Пэм кивнула и взяла пустую корзину.
– Ладно, я, пожалуй, пойду и приготовлю обед для мистера О’Каллахана.
Шон скривился.
– Да уж, с этим лучше поспешить. Увидимся.
Вот работка, обслуживать этого старого придурка. Шону стало интересно, чем занимается муж Пэм.
Потом он подумал о том, что из себя представляет муж Пэм.
На что нужно наткнуться, чтобы на руке остались два маленьких круглых синяка, один рядом с другим? Такие обычно появляются, если кто-то сильно хватает за руку.

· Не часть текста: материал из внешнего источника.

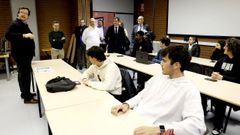 El decano de Direcci�n e Xesti�n P�blica, el conselleiro de Educaci�n y el rector de la Universidade de Vigo, este martes, en una clase de la nueva facultad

И потом, это же очевидно, что Пэм поспешила сменить тему, когда Шон задал ей вопрос.
Подумав, он улыбнулся и встряхнул головой. Забавно, стоит только начать писать роман, так везде мерещатся драмы. Шон взял чашку, страницы и вернулся в дом.
Филип
Он дождался, пока внизу замолк шум пылесоса, потом вылез из кровати и начал расстегивать пуговицы на своей пижаме. Кропотливое это дело, пуговицы; он их просто ненавидел. Почему не взять и не пришить к пижаме липучку? Было бы намного проще. Пальцы путались, спускаясь ниже и расстегивая пижаму на выпирающем животе. Тощий и при этом пузатый старик, вот в кого он превратился.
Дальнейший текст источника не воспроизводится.